In all of the voluminous ink that has been spilled on Sheryl Sandberg’s new book, and on women and the barriers they face in cracking the glass ceiling, no one is saying what is glaringly obvious to anyone thinking about how to have a big career and a family: start saving for the army of help you’ll need to pull it off. In other words, a nanny, a housekeeper, and a baby nurse.
This is no longer some bourgeois luxury; it’s a necessity given the lack of affordable child-care options and the reality that men have not picked up much of the slack at home (whether because they are burning the midnight oil at their own work, or because they prefer to watch football with the guys).

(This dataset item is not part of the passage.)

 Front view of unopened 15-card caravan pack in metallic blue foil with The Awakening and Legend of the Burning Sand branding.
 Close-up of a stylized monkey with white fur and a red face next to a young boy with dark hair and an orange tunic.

All of which, when one cannot afford to lean in despite the stunning amount of talent and hard work one has exhibited, results in the decision I and many of my fellow women have had to make out of necessity and NOT of true choice: to stay at home with the kids instead of essentially working to pay just enough for child care and little else. You’ll have to excuse me when I post the following links for your perusal; I’ve read only one of them all the way through. Guess which one and you’ll win a Twitter follow from lil’ ol’ me.
- The Retro Wife, in which feminism is somehow still affirmed even when the woman goes right back into the place where patriarchy says she’s gotta go. Someone tell me please how that works – does said woman not go quietly? Is there a message of protest every day in the kids’ & husbands’ lunch boxes? I’m still trying to figure this out.

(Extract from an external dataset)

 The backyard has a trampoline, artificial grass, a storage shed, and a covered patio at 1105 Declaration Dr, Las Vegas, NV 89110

- Turnabout is fair play, and Ruth Fowler’s The Retro Husband makes the most of it. So smarmy & darkly humorous, I wish I could really belly laugh over it. I must instead be content with a knowing, wistful guffaw.
And then a tempest in an oven comes down the virtual pike with rocket scientist Yvonne Brill’s obituary in the New York Times:
A New York Times obituary for Yvonne Brill, a rocket scientist and inventor of a propulsion system that helped keep communication satellites in orbit, sparkedcontroversy over the weekend, as writer Douglas Martin led not with Brill’s notable scientific achievements but with the fact that she “made a mean beef stroganoff.”

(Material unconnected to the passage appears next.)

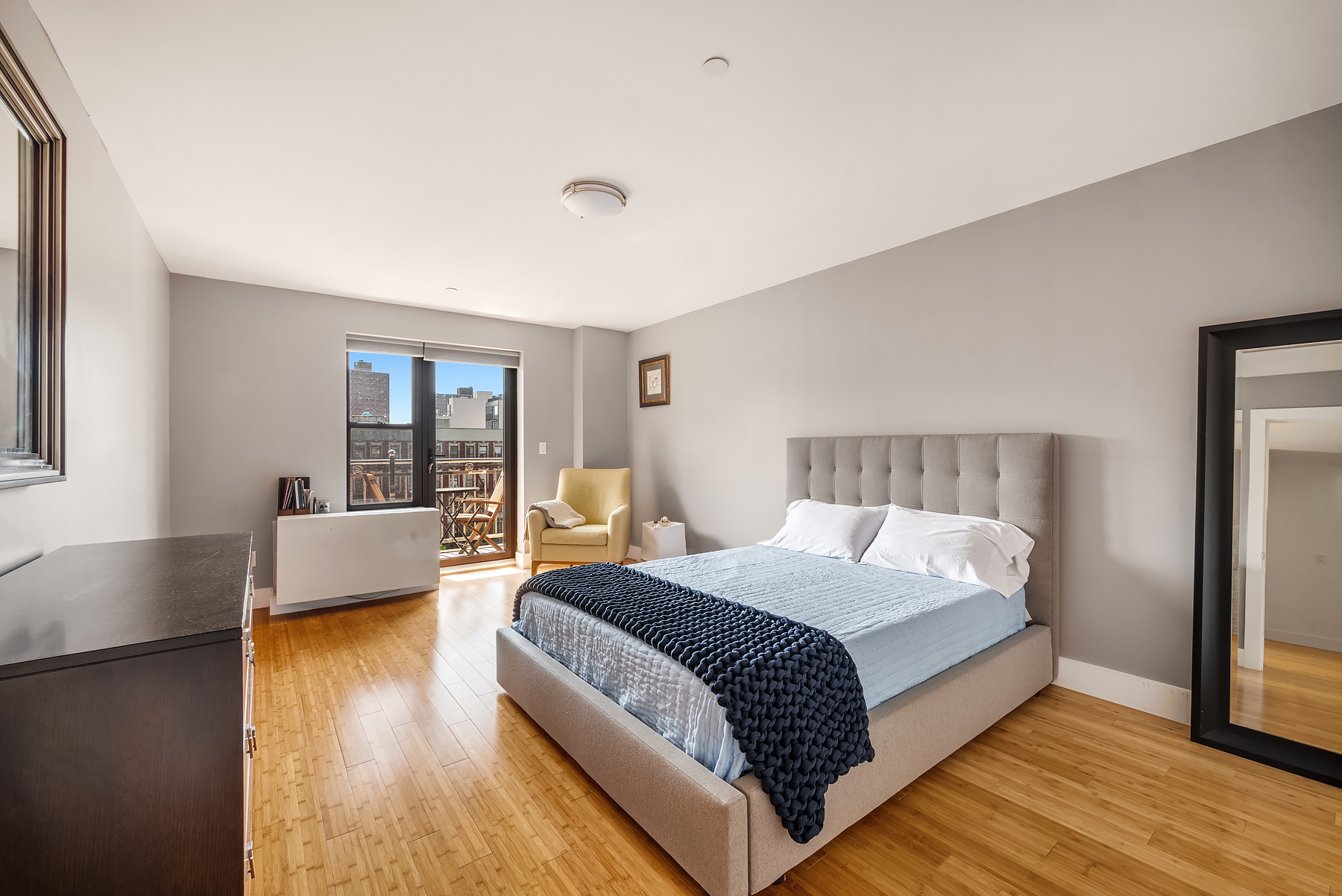 234 West 148th Street, Unit 5C Manhattan, NY 10039 - Photo 4 of 15 a bedroom with a bed and a couch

After a number of complaints on Twitter — and the agreement of the Times’ Public Editor Margaret Sullivan — the opening of Brill’s obituary was altered and the stroganoff line scrubbed. But the new opening sentence provides only the tiniest improvement — it rightly acknowledges Brill’s role as a brilliant rocket scientist up front, but it does so in the same breath and sentence in which she is commended for being a dutiful wife and dedicated, flexible mother: “She was a brilliant rocket scientist who followed her husband from job to job and took eight years off from work to raise three children. ‘The world’s best mom,’ her son Matthew said.”
In contrast, recently deceased film critic Roger Ebert did write a cookbook, but it is mentioned in passing in his many obituaries - and certainly not as a defining element of his life right off the bat, though he dearly loved his wife Chaz and his stepchildren and step-grandchildren and had himself described that love as a transformative force in his life. It just wasn’t deemed by the media to be as defining a role in Ebert’s life as it apparently was in Brill’s.
I wish I could say all of this was new and startling, but it’s the same ol’ same ol’ since well before my time. All of us, women AND men, keep juggling with sexism in our lives. In the movies. In who gets called first when there’s a family emergency. In who should be leaning in – or leaning out, as the case may be. In what we do or do NOT do to help when women start families.
April 9 is Equal Pay Day, calling attention to the fact that women still earn approximately 1/4 less than men do. Why April 9? It represents the time a woman has to work to earn what a man got in all 365 days of 2012 – a year and a little over three months. A suggestion by economics professor Anne York is that the household tasks be split more equitably than they have been to help achieve greater awareness for all and, through both the equal pay and household work time measurements, this will achieve the equality we all crave.
It takes far more than that. It takes our fully recognizing that men are just as capable as women as being child-rearers, nurturers, and caregivers, and that it is just as important as women being successful in traditionally-male roles. It takes all of us making conscious choices to not give in to the stereotypes and to act accordingly.
We’re not there yet…and at the rate we’re going, we may not get there in my lifetime. But I sure hope it’ll happen in this century. And I certainly wish I didn’t have to keep setting my expectations so damned low.